● How to complete this task:
Lift out all lines below that contain "Stock".

***** Given records

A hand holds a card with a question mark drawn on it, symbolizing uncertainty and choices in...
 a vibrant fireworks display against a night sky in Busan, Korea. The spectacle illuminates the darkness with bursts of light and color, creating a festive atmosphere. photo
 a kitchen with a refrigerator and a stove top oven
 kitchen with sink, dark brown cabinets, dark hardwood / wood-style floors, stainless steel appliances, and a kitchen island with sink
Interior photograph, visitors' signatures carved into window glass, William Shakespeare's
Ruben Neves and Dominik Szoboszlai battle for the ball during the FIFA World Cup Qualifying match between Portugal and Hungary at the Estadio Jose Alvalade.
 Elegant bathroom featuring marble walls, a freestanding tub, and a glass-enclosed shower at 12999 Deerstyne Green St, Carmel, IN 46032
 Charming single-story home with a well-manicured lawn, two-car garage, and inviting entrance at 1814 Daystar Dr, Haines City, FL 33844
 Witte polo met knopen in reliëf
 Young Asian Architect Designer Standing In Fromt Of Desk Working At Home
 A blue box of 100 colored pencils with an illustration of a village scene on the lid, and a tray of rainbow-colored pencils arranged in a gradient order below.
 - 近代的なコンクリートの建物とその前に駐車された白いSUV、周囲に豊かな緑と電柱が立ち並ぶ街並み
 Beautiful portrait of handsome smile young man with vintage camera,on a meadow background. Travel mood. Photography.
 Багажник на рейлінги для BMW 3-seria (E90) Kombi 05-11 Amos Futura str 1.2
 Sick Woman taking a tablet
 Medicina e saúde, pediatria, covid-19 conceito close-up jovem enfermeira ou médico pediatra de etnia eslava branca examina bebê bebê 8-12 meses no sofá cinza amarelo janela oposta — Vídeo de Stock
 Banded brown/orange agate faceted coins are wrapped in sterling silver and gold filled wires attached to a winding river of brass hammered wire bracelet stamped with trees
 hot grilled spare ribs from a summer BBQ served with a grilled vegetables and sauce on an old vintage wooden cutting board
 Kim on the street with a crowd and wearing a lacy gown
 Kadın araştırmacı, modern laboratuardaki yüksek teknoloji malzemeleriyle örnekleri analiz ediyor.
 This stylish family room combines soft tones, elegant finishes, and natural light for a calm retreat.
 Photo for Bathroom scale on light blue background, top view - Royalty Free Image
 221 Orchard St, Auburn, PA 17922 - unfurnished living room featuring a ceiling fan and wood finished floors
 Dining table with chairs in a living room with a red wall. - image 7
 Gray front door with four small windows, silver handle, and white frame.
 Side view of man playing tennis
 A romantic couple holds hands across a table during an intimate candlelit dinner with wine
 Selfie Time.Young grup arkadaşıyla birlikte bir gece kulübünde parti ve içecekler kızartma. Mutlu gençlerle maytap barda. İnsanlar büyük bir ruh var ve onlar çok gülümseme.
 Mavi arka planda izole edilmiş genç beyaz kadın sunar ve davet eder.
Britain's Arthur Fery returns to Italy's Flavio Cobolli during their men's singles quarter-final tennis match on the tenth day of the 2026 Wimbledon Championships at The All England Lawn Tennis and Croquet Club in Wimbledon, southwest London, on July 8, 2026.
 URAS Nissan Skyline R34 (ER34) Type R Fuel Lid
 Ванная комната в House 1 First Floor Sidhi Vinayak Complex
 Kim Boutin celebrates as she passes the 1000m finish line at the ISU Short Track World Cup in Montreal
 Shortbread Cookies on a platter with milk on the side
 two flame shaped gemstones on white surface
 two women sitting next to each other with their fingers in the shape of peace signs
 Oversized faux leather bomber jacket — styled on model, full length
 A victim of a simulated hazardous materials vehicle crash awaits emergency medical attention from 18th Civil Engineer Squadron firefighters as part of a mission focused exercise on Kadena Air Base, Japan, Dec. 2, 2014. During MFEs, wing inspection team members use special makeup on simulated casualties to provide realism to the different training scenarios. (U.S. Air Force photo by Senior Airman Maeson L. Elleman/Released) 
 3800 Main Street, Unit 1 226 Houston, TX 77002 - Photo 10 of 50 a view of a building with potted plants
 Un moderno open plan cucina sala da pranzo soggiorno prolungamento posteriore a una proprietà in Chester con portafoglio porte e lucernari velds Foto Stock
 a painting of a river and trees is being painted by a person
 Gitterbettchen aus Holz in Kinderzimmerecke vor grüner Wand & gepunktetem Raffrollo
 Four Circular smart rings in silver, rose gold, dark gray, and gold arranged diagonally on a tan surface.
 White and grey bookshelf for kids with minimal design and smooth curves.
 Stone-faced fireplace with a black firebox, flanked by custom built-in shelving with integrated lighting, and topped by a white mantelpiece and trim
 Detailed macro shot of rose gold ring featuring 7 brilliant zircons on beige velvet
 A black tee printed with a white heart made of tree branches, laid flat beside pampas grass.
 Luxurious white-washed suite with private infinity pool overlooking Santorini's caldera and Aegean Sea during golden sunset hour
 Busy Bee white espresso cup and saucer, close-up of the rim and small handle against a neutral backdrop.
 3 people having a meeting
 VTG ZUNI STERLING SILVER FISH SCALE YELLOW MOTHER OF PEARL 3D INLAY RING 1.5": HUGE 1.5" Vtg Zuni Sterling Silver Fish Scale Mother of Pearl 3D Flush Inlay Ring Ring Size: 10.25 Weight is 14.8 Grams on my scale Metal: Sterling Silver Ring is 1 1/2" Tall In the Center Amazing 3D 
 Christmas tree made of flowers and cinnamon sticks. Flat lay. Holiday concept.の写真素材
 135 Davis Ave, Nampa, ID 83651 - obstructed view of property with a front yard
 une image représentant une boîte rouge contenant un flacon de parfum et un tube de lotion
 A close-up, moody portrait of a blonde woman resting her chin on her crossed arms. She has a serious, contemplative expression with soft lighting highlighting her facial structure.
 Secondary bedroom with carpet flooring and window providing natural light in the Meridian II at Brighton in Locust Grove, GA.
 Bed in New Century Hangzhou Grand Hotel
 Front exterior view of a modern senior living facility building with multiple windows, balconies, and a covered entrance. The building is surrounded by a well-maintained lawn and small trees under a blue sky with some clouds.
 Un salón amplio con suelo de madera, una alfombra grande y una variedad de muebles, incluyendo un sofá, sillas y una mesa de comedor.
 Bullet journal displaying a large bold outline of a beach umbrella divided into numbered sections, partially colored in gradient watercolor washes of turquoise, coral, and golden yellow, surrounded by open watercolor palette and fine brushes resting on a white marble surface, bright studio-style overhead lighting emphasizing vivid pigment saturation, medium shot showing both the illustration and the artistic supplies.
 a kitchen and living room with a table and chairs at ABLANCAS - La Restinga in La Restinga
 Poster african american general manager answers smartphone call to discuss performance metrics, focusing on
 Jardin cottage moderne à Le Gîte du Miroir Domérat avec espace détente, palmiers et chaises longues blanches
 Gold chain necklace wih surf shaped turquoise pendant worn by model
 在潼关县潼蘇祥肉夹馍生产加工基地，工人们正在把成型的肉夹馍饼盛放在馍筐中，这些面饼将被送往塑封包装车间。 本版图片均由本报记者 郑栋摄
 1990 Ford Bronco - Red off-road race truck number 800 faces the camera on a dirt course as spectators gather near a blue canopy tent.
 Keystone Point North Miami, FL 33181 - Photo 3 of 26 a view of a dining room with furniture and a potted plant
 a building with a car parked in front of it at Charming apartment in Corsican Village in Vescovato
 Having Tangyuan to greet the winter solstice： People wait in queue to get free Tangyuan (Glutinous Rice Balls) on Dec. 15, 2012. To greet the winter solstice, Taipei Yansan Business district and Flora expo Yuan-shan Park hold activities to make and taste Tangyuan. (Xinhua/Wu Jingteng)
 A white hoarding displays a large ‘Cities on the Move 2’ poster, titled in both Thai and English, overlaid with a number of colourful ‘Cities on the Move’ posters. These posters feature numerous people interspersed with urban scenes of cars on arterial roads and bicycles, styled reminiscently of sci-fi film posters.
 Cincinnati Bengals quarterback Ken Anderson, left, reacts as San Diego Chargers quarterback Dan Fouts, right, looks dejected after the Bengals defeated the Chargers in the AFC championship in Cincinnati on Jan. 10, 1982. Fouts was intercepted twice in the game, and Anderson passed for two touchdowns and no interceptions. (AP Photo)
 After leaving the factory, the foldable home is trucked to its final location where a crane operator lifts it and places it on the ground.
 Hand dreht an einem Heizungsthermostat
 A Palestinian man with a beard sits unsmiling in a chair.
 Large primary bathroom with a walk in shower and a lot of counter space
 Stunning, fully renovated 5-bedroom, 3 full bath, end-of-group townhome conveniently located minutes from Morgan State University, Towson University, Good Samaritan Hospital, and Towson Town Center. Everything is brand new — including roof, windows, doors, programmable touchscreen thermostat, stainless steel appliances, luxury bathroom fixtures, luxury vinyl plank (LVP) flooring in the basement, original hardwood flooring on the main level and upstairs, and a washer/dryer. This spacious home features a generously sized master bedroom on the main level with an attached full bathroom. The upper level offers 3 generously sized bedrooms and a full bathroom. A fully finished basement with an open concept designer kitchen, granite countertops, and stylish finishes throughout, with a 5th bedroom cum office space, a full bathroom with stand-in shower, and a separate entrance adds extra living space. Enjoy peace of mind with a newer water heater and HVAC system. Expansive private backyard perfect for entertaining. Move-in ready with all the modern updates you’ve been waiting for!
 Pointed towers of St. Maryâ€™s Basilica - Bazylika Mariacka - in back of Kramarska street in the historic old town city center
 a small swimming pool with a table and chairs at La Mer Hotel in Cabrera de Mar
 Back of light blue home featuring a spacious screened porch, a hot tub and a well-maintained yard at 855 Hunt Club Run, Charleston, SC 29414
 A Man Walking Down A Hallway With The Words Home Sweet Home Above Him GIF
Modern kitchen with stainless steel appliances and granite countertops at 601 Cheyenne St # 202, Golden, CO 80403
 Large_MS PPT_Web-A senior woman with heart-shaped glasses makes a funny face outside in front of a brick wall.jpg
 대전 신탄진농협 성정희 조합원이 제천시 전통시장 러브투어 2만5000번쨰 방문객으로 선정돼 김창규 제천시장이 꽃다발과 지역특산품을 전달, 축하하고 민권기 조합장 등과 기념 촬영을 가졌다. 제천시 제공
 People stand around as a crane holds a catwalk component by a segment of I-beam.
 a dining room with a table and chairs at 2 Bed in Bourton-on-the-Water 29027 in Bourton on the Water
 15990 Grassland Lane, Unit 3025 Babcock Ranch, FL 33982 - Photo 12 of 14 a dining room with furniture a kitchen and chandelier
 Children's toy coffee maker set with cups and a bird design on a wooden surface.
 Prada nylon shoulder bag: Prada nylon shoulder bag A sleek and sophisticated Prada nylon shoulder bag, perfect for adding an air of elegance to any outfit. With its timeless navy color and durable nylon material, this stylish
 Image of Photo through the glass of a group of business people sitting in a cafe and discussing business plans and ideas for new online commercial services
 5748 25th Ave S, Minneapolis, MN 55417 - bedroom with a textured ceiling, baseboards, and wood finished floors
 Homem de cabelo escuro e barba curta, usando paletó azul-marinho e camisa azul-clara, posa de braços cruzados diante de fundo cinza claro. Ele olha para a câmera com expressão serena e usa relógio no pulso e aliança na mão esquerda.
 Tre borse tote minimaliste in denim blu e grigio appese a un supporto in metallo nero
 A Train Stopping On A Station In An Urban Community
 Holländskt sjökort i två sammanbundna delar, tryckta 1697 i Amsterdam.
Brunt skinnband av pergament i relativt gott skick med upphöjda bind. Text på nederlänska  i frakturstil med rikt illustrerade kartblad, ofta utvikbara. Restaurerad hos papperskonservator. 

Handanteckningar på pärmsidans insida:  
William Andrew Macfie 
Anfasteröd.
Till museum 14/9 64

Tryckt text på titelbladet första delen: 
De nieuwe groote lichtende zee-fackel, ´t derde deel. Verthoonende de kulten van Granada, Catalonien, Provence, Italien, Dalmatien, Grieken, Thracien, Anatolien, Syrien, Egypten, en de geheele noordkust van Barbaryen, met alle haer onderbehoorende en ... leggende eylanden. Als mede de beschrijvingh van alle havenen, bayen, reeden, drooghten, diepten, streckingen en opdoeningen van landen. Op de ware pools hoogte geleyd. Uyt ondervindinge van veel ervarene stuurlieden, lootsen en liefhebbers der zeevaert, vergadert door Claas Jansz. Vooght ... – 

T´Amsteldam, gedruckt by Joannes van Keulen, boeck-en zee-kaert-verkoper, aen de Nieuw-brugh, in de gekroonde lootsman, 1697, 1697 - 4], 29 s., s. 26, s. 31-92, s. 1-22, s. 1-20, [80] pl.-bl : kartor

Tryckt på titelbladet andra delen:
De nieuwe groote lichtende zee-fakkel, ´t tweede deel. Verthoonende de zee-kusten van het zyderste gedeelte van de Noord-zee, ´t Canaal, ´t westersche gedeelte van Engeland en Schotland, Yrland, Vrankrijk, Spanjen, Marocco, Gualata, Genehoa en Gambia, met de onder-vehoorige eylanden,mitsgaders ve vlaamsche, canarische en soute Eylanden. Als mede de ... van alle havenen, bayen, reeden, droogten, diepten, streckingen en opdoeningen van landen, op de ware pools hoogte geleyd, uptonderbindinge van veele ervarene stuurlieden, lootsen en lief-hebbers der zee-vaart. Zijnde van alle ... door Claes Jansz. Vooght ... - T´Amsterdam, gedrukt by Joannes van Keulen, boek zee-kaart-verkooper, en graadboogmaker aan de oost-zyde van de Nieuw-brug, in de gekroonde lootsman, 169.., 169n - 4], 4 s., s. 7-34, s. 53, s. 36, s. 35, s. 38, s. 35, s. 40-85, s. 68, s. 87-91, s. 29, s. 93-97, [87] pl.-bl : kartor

**********

● Response to the task:
 Medicina e saúde, pediatria, covid-19 conceito close-up jovem enfermeira ou médico pediatra de etnia eslava branca examina bebê bebê 8-12 meses no sofá cinza amarelo janela oposta — Vídeo de Stock
 Un moderno open plan cucina sala da pranzo soggiorno prolungamento posteriore a una proprietà in Chester con portafoglio porte e lucernari velds Foto Stock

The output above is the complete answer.